[WORK TO COMPLETE]: In the reply, give back exactly the lines from the one with "Rivet Buckles Metal" through the last line of the records, without pictures.

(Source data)

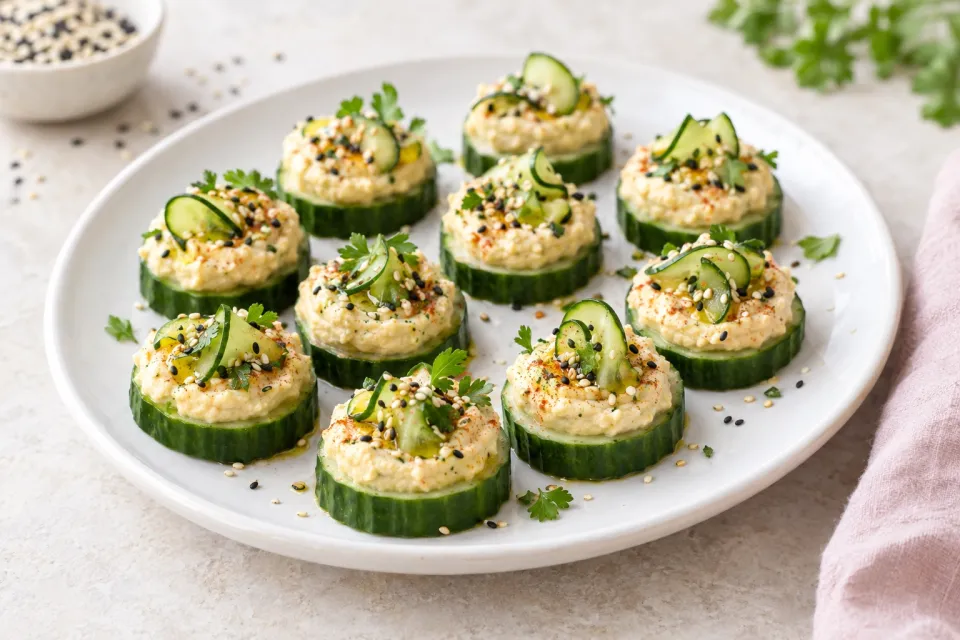 Hummus and Cucumber Appetizer Bites with Sesame Seeds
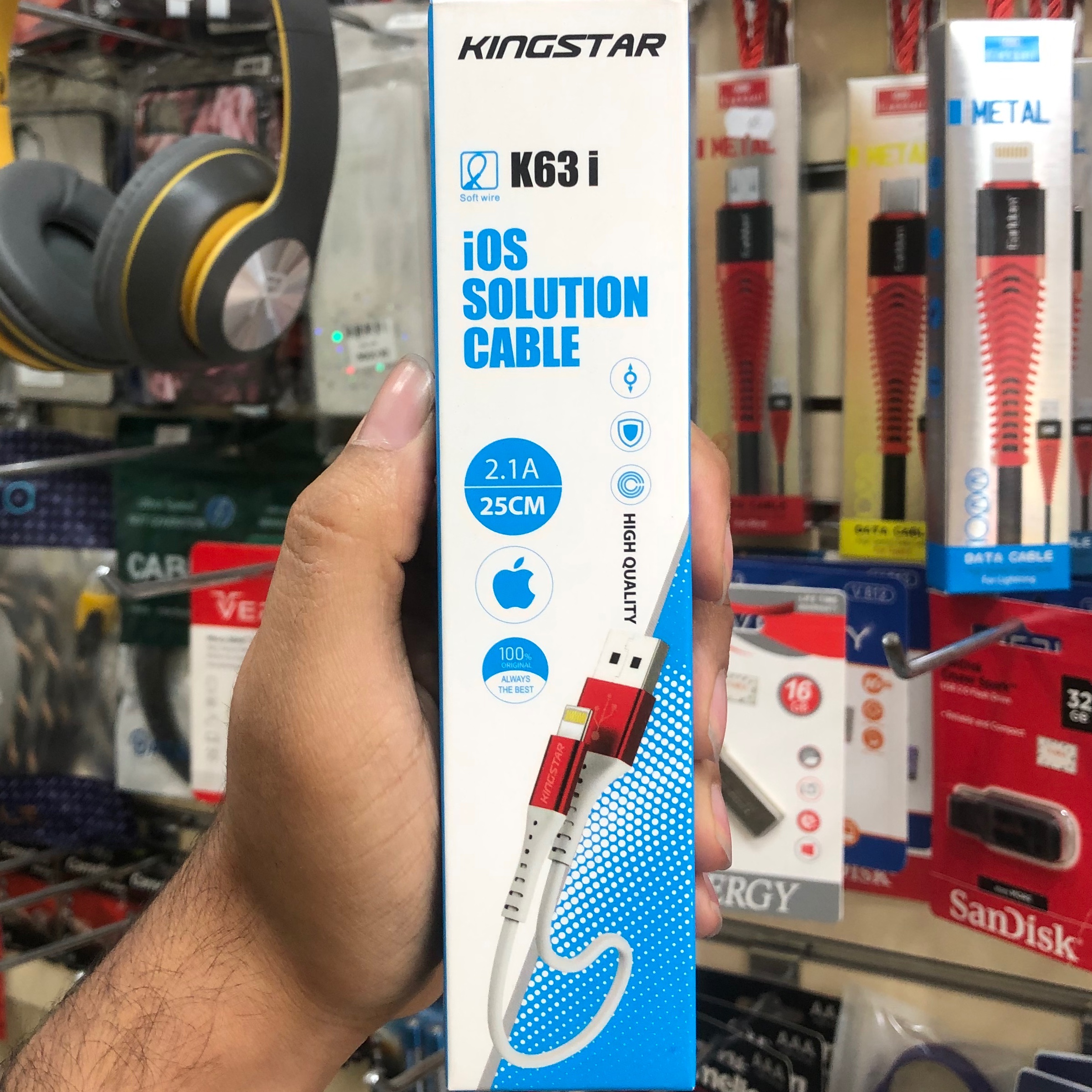 کابل پاور بانک لایتنینگ ( مناسب برای ایفون) برند king star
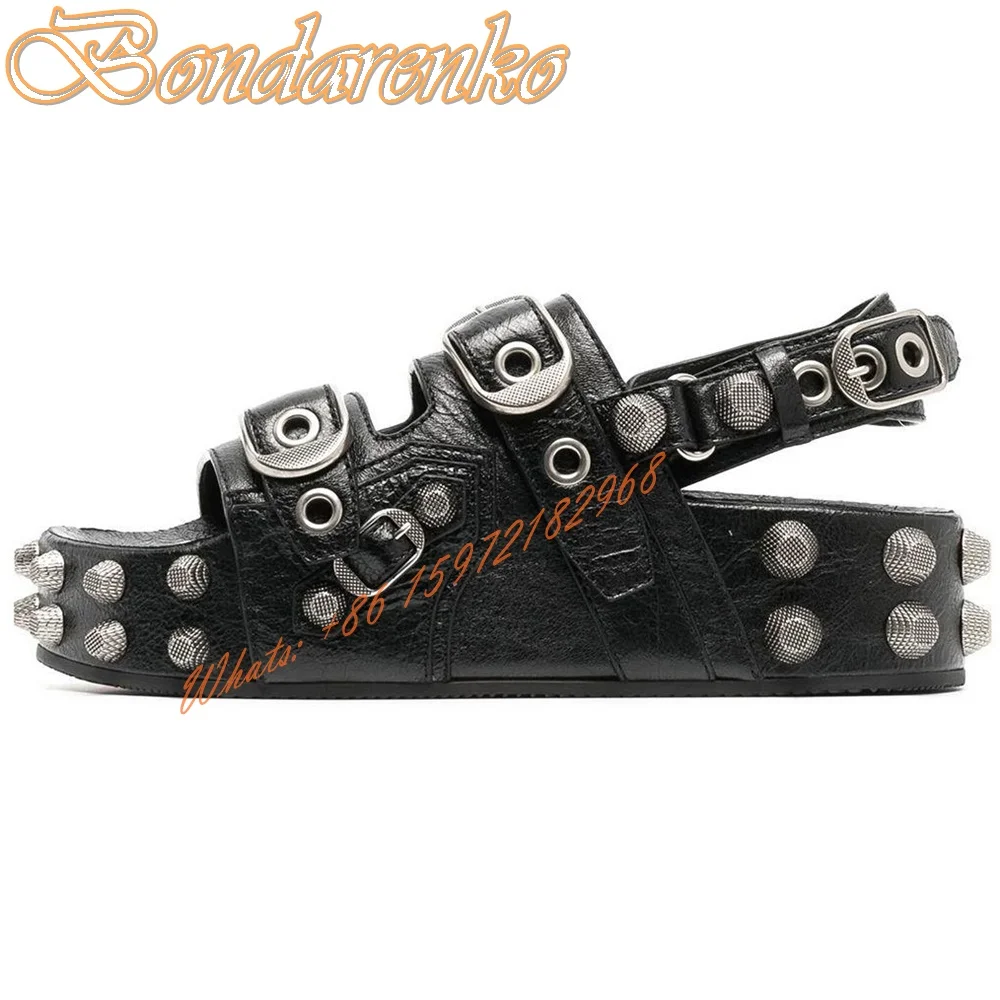 

Rivet Buckles Metal Sandals Open Toe Slingback Thick Sole Solid Leather Sandals Women Sexy Shoes Summer Designer Party Shoes New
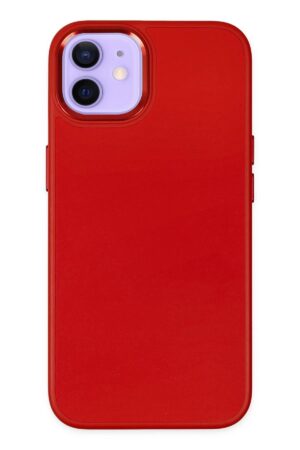 iPhone 12 Kılıf Asya Deri Silikon - Kırmızı-(5796)
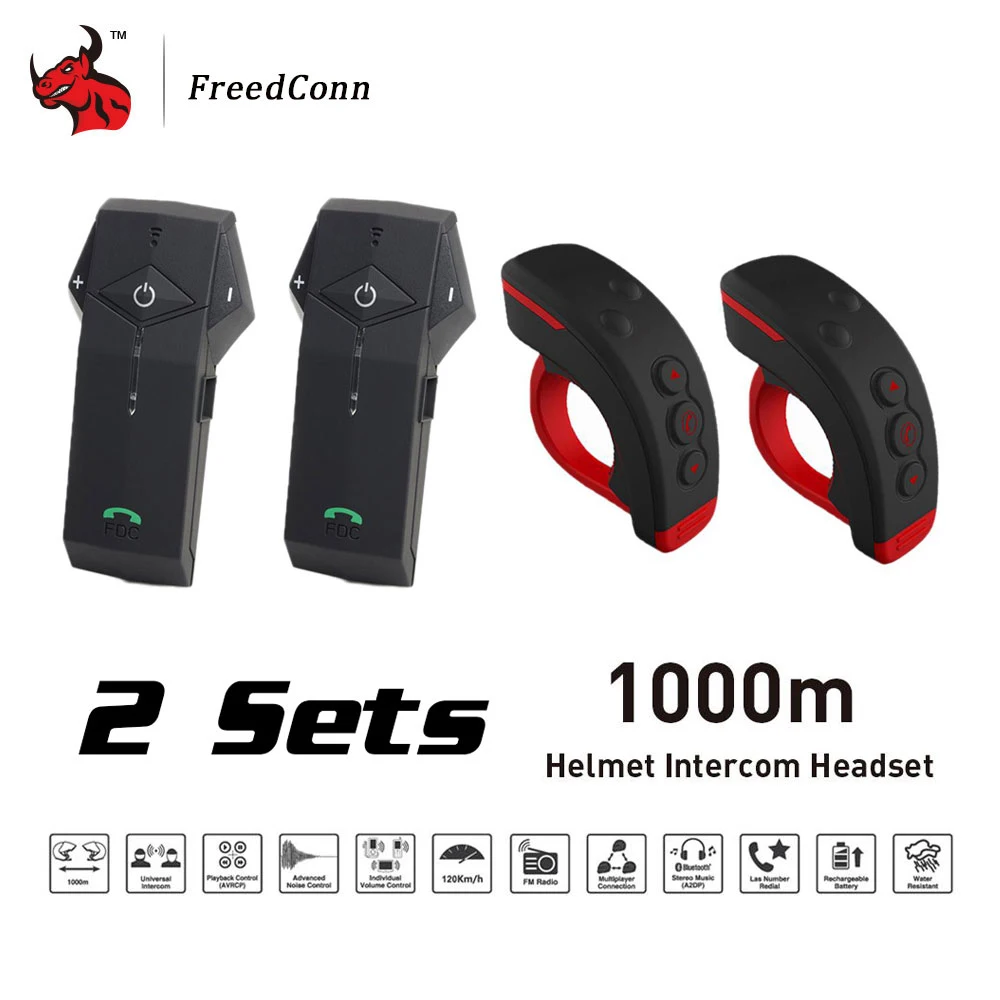 

New 2 Sets 1000M BT Motorcycle Helmet Bluetooth Intercom Interphone Headset with NFC FM Functon + L3 Remote Control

[COMPLETED EXERCISE]:
Rivet Buckles Metal Sandals Open Toe Slingback Thick Sole Solid Leather Sandals Women Sexy Shoes Summer Designer Party Shoes New
 iPhone 12 Kılıf Asya Deri Silikon - Kırmızı-(5796)

New 2 Sets 1000M BT Motorcycle Helmet Bluetooth Intercom Interphone Headset with NFC FM Functon + L3 Remote Control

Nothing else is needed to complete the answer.